= Kate van Orden =

American musicologist and bassoonist

Kate van Orden is an American musicologist and bassoonist, currently Dwight P. Robinson Jr. Professor of Music at Harvard University.

==Biography==
Van Orden obtained a Ph.D. in Music History and Theory from the University of Chicago in 1996.

She worked at the University of California, Berkeley, from 1997 until moving to Harvard in 2013. She was editor-in-chief of the Journal of the American Musicological Society from 2008 to 2010, and currently serves on the editorial boards of Early Music History, Saggiatore Musicale, Oxford Bibliographies, and The New Cultural History of Music. Her principal research interest is the French chanson, on which she has written two books.

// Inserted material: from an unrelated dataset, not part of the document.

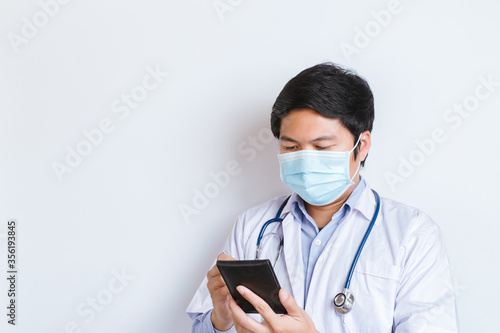 Coronavirus Covid-19 and Air pollution pm2.5 concept. doctor wearing mask for protect pm2.5 and make notes on the notebook at home. Covid19 coronavirus and epidemic virus symptoms.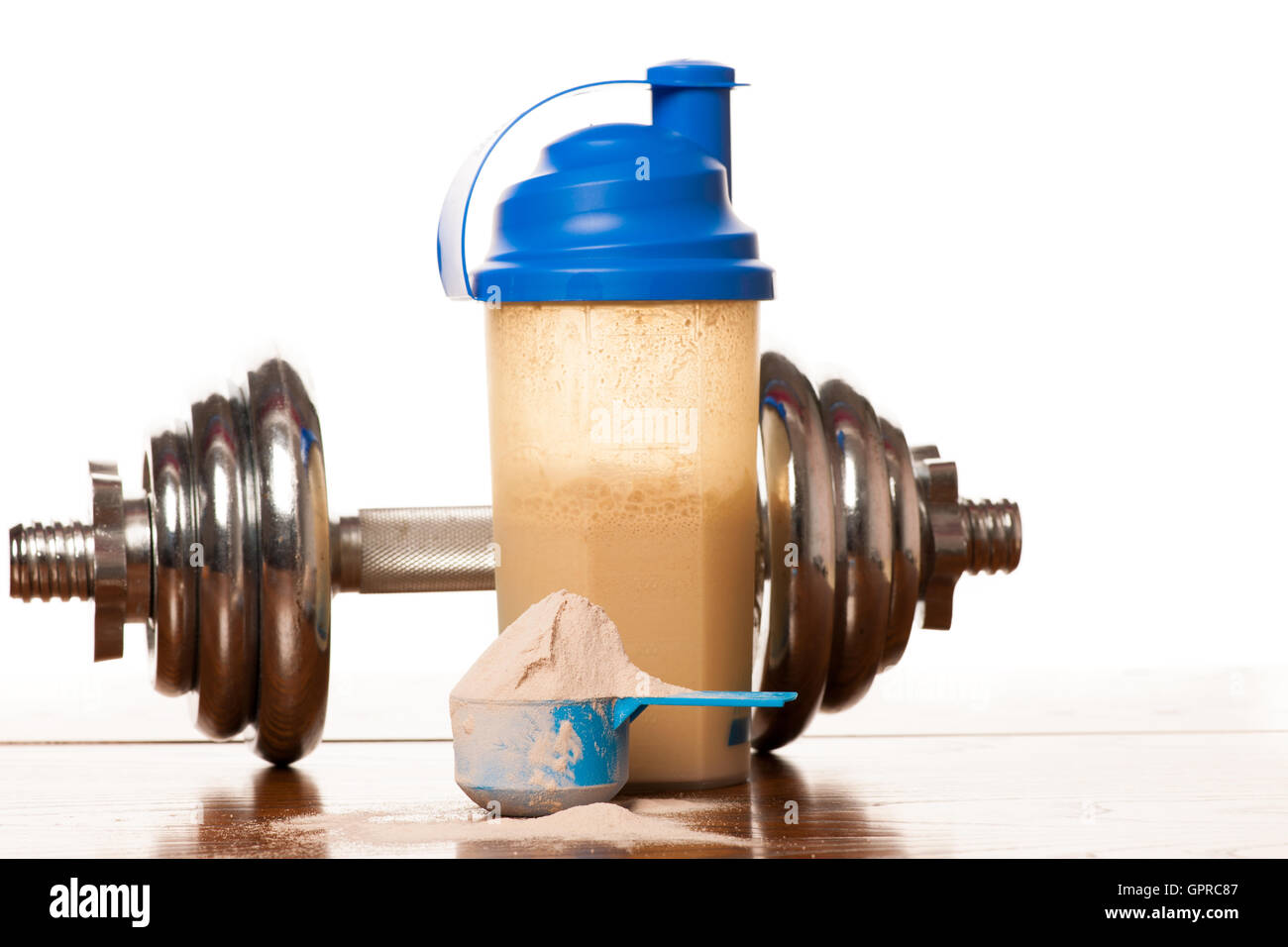 La proteina del siero di latte in polvere nella paletta, il manubrio, il metro a nastro e agitatore in plastica su sfondo di legno. Foto Stock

Van Orden has made numerous recordings with Les Arts Florissants (dir. William Christie), Collegium Vocale Ghent (dir. Philippe Herreweghe), Anima Aeterna (dir. Jos Van Immerseele), La Petite Bande (dir. Sigiswald Kuijken), Tafelmusik (dir. Jeanne Lamon), Philharmonia Baroque Orchestra (dir. Nicholas McGegan), and American Bach Soloists (dir. Jeffrey Thomas).

== Bibliography ==
=== As author ===
- Music, Discipline, and Arms in Early Modern France (Chicago: The University of Chicago Press, 2005)
- Music, Authorship, and the Book in the First Century of Print (Berkeley and Los Angeles: University of California Press, 2014)
- Materialities: Books, Readers, and the Chanson in 16th-Century Europe (New York: Oxford University Press, 2015)

=== As editor ===
- Music and the Cultures of Print, edited and with an introduction by Kate van Orden, afterword by Roger Chartier (New York: Garland Publishing Inc., 2000)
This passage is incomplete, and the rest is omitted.